**WORK INSTRUCTION:** Transcribe every record as it stands and set the images aside.

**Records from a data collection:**
------------------------------------------------------------------------

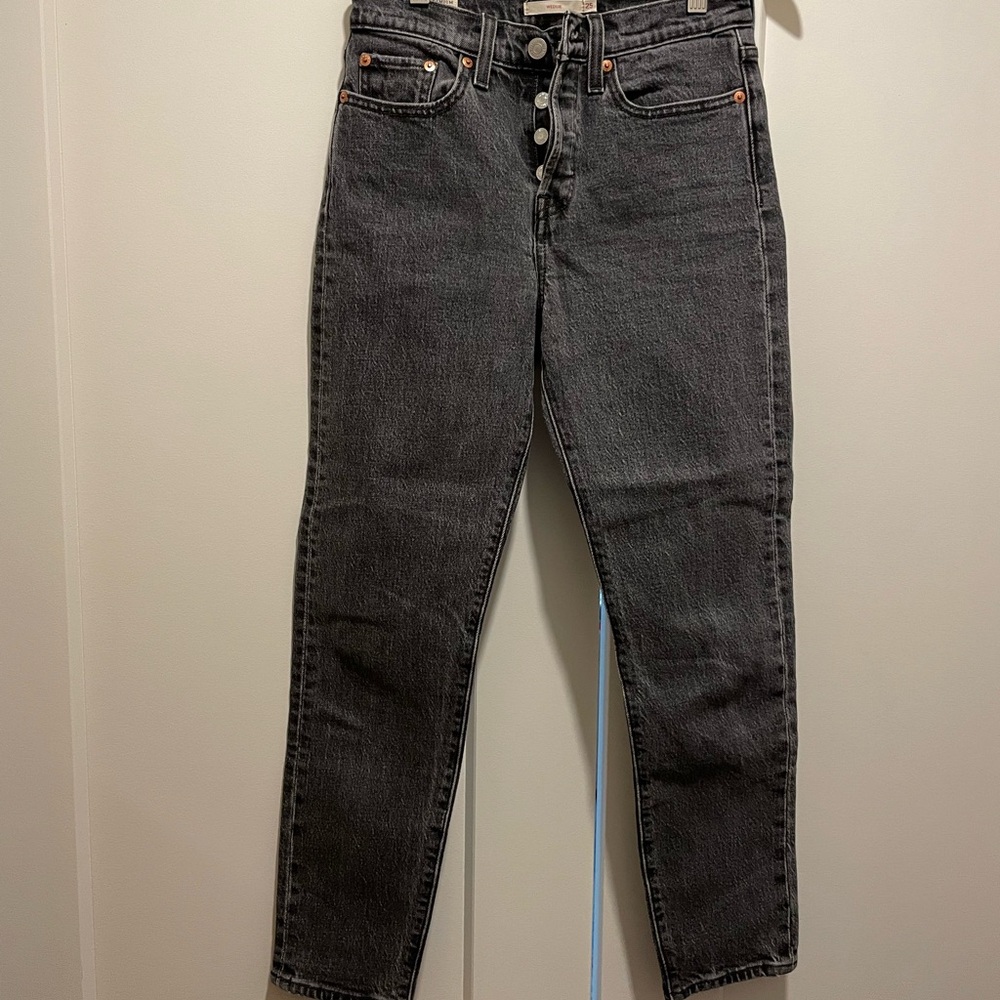 Levi’s Wedgie Black Women's Jeans - Picture 2 of 8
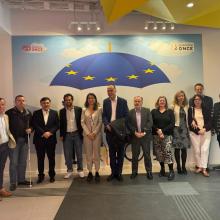 FOTO DE FAMILIA: MIEMBROS DE LA EJECUTIVA DE UP MADRID EN LA SEDE DE PORTALENTO DIGITAL CON REPRESENTANTES DE MÁS MADRID 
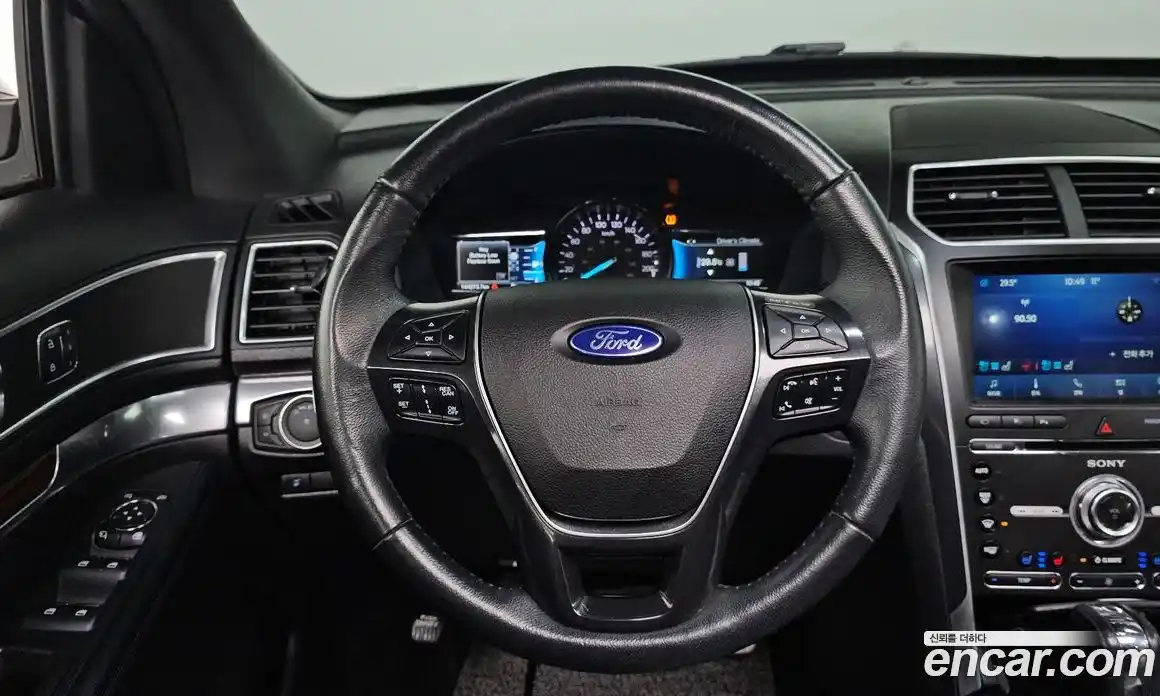 Ford Explorer 2017 2.3 Автомат в Москве № 281310, фото 17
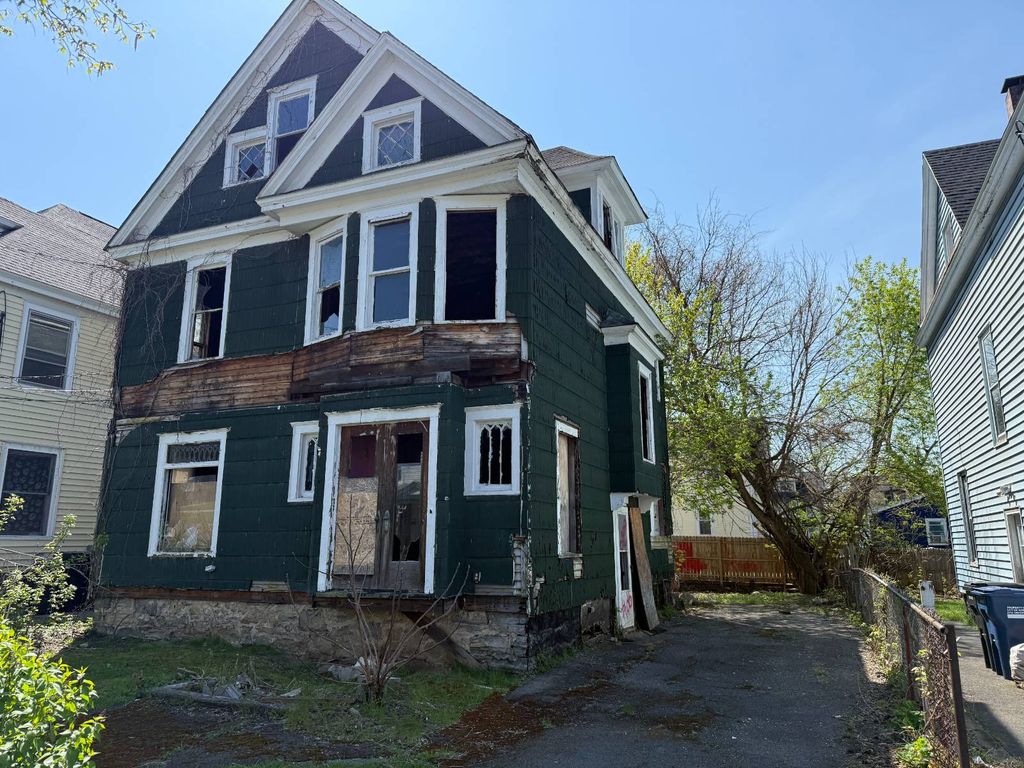 Photo of 120 Matson E Ave, Syracuse, NY 13205 (MLS # 11742691)
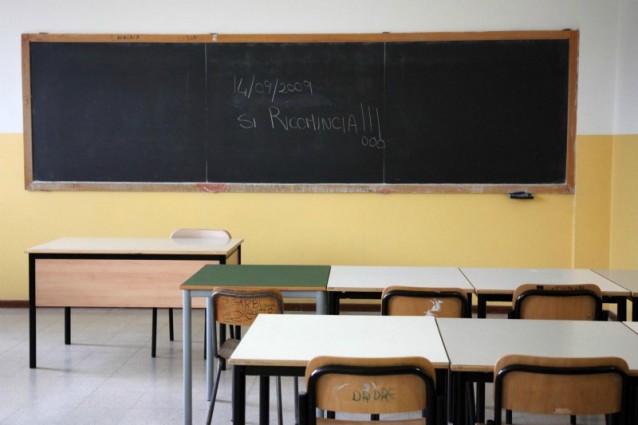 Pugni e schiaffi contro i suoi alunni, arrestata una maestra di Pizzo Calabro (VIDEO).
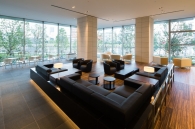 スカイズ タワー＆ガーデンのフォトギャラリー：ベイサイドラウンジ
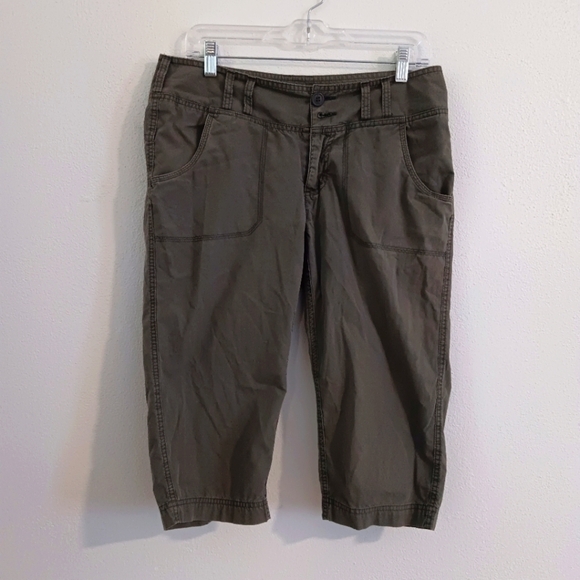 Columbia olive green khaki capris women's size 8 - Picture 1 of 8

------------------------------------------------------------------------

**ANSWER BOX:**
 Levi’s Wedgie Black Women's Jeans - Picture 2 of 8
 FOTO DE FAMILIA: MIEMBROS DE LA EJECUTIVA DE UP MADRID EN LA SEDE DE PORTALENTO DIGITAL CON REPRESENTANTES DE MÁS MADRID 
 Ford Explorer 2017 2.3 Автомат в Москве № 281310, фото 17
 Photo of 120 Matson E Ave, Syracuse, NY 13205 (MLS # 11742691)
 Pugni e schiaffi contro i suoi alunni, arrestata una maestra di Pizzo Calabro (VIDEO).
 スカイズ タワー＆ガーデンのフォトギャラリー：ベイサイドラウンジ
 Columbia olive green khaki capris women's size 8 - Picture 1 of 8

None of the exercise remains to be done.